2)     the task of politicians was to get support  for transition, for its basic building blocks; some of us succeeded, some of us not; our success or failure dramatically  influenced the transformation costs;

     2a) one of the many tasks the politicians had to tackle was to defend or rehabilitate the role of political parties (the word party was totally discredited in the communist era) and not to accept the third way thinking based on loose, fuzzy organisations like civic movements, national fronts for or against something or somebody; (not to speak about Russia Unite, Russia’s choice, Jabloko, etc.) 

     2b) My experience tells me that there is a correlation between the presence of a standard political structure (with well-defined political parties) and the success of transition (and I believe the history will prove that I was right);

     2c) the main task of politicians was to fight the romantic or pseudoromantic point of view based on two dangerous ideas:

          1. it is possible (and even necessary) when changing society to look for new, unknown, untried solutions, to use the collapse of communism for creating another utopia;

          2. it is possible to get something for nothing, there is such thing as a free reform, there are no transformation costs.

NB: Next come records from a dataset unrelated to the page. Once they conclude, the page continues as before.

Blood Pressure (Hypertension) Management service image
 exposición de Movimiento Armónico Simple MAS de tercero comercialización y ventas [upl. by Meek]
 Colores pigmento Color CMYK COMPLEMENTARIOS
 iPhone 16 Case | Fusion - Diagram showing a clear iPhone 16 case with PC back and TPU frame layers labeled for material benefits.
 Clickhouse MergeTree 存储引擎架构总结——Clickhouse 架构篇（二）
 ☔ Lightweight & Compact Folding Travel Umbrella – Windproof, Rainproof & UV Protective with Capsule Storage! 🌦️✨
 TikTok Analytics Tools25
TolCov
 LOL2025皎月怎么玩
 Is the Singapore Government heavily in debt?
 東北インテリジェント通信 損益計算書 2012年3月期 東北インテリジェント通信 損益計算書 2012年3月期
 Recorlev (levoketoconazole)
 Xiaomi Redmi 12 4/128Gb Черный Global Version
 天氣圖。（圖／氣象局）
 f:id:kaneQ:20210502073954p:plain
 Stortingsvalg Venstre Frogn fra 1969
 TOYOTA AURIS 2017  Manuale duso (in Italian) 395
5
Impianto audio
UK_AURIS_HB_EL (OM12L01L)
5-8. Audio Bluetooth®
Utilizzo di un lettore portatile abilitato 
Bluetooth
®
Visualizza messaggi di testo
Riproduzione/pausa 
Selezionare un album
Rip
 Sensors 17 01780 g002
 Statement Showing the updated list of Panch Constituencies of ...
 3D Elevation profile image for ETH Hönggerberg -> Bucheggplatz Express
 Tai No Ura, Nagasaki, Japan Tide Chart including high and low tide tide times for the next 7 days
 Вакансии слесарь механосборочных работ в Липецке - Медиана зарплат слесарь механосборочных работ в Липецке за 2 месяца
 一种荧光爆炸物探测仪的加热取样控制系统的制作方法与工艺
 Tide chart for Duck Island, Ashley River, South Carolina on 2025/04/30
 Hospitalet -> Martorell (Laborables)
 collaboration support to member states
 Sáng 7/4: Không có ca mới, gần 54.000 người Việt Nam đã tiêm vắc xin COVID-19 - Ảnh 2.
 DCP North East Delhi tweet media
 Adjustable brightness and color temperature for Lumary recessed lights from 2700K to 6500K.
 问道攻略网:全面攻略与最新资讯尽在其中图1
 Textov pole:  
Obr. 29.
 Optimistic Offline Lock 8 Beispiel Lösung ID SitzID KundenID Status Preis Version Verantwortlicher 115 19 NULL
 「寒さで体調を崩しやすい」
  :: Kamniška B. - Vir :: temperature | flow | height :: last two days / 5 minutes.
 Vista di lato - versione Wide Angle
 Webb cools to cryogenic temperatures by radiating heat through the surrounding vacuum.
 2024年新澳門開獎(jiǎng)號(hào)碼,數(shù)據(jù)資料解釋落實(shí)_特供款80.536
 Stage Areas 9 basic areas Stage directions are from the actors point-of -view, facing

     2d) I believe that the last ten years demonstrated  that both ideas were and are wrong, but we have to admit that it has not been fully accepted in the postcommunist world. Because of that the expectations–reality gap (E‑R gap) has been steadily growing, not narrowing. There is no doubt that much has been accomplished in this past decade. We witness an enormous change in the basic substance of life in most of the transition countries, but the expectations have been growing even faster. The road from communism to free society and market economy is rocky, nevertheless some people do not want to take into consideration that there is no magic carpet which could avoid the necessity of our travelling it. To my great regret such a fairy tale is still here. I have to say that this fairy tale is supported by some activities of international consultants and advisors, of investment bankers, of bureaucrats of international organizations who pretend that the  only missing factor is listening to their advice. They represent, however, a very well functioning rent seeking group. Additional problems come from inside. For some people feeling bad feels so good that they invest a lot in criticism, scepticism and the creation of bad mood. To fight such attitudes represents a challenge which the politicians very often do not win. At least in my country.

3)     Serious discussion of the political aspects of transition would require to deal with several other important, non-trivial issues. I will just name some of them:

     1. transition is a sequence of policy decisions, not one policy change (wrong debate about graduation or schock-therapy)

     2. transition is based on human choices (influenced by ideas, prejudices,  dreams and interests), not on scientific knowledge (Hayekian point about human action or human design)

     3. transition brings democracy, but more democracy typically enhances the power of interest groups in general, and to block further reforms in particular;

     4. during transition from communism the first problem was to concentrate on solving the dichotomy “oppression vs. freedom” whereas the not less important dichotomy  “anarchy vs. order” was - especially in the first period - usually neglected or at least underestimated

     5. the critical factor affecting transformation costs is the interaction of formal vs. informal rules on the one hand and the gap between rules and their implementation.

I would stop with the same sentence as prof. Barr – politics matters.